O LORD, how manifold are thy works! in wisdom hast thou made them all: the earth is full of thy riches. So is this great and wide sea, wherein are things creeping innumerable, both small and great beasts. There go the ships: there is that leviathan, whom thou hast made to play therein. These wait all upon thee; that thou mayest give them their meat in due season. That thou givest them they gather: thou openest thine hand, they are filled with good. …I will sing unto the LORD as long as I live: I will sing praise to my God while I have my being. My meditation of him shall be sweet: I will be glad in the LORD. Here ends our text.

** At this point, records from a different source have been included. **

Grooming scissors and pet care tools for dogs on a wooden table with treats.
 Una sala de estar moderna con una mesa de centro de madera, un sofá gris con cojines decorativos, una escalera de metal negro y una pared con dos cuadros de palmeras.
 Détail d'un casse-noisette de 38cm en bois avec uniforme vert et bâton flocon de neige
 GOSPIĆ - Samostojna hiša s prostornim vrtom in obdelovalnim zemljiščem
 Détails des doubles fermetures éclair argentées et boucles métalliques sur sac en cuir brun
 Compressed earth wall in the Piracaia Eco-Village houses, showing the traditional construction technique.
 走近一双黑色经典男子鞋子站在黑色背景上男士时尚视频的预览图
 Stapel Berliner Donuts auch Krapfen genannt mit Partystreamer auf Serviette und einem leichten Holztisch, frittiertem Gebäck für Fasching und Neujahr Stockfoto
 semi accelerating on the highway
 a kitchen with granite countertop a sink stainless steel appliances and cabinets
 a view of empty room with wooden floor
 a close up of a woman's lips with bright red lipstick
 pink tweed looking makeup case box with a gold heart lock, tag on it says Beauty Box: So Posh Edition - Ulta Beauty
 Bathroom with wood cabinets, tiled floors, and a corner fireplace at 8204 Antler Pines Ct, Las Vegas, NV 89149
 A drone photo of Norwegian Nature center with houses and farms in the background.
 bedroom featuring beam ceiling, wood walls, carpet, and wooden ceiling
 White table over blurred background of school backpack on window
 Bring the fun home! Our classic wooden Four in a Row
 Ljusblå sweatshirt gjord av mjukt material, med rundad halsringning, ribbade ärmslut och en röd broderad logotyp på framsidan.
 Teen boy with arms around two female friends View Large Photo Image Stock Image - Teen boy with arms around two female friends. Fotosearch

In the Name of Jesus Christ, In whose arms we find shelter, Dear Fellow Redeemed,

“You’re in good hands with Allstate!”—How many times have you seen that commercial? The big insurance company tries to inspire confidence by picturing a huge set of hands, gently cradling a house, or a car, or a family. The message you’re supposed to get is that when you buy homeowner’s insurance, or car insurance, or life insurance from this particular company—you’ll be protected and safe. They’ll watch over you and take care of you, and you’ll never have anything to worry about.

Wouldn’t it be nice if that were true?—If you could plunk down a certain amount of money and be completely protected from all of life’s unpleasant surprises? Unfortunately, no insurance company can do that. For one thing, the insurance industry is on rather shaky ground at the moment; some say they may some day go the way of the Savings and Loans. Besides that, even the best insurance policy doesn’t really protect you, does it? It doesn’t prevent tornadoes, or car wrecks, or the sudden loss of life. It just pays you some money when it happens. No matter how slick the advertising—when it comes to real security, those “good hands” aren’t really all that good!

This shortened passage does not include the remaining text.